Exercise goal: Without the images, repeat every line of the listing exactly.

Recorded data:
+++++
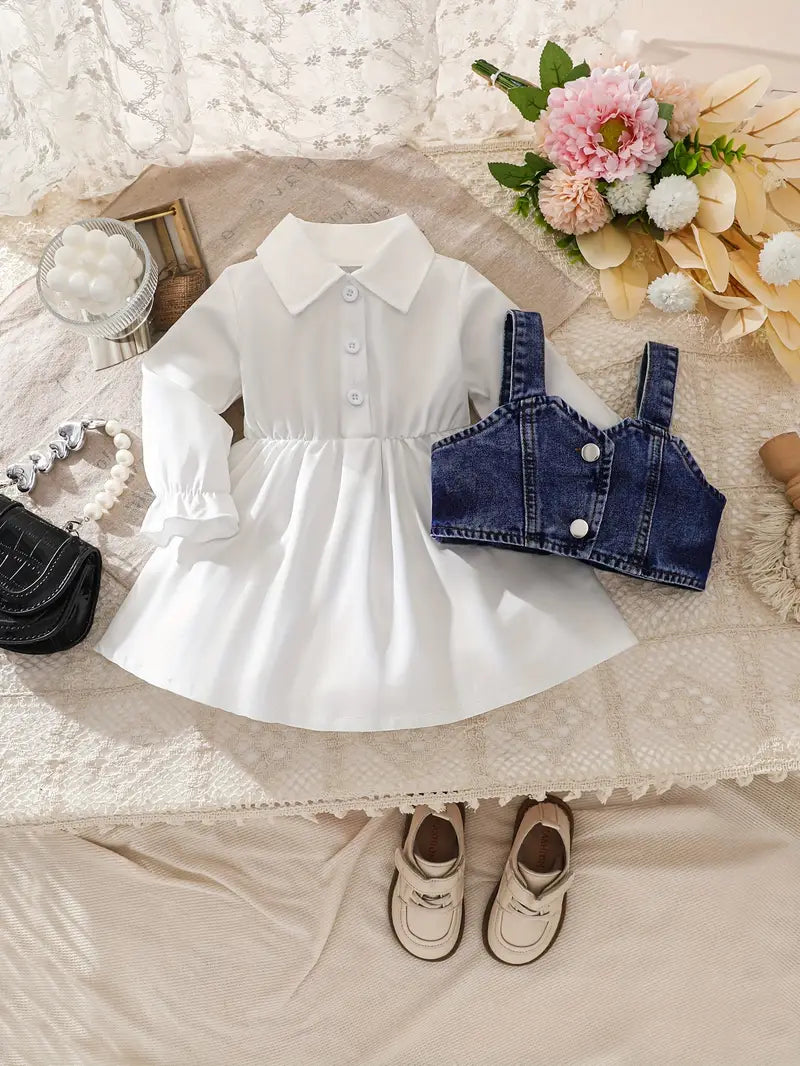 Vestido Manga Larga Con Chaleco en Jeans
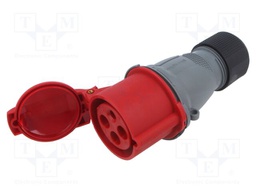 Connector: AC supply 3-phase; plug; female; straight; for cable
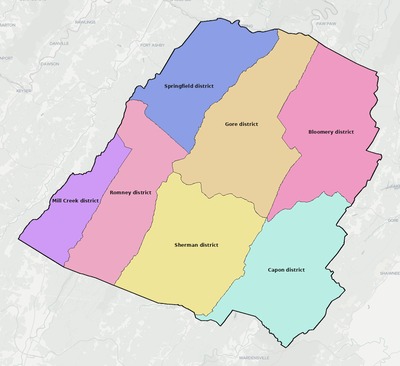 Hampshire County WV townships and subdivisions map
+++++
Response:
 Vestido Manga Larga Con Chaleco en Jeans
 Connector: AC supply 3-phase; plug; female; straight; for cable
 Hampshire County WV townships and subdivisions map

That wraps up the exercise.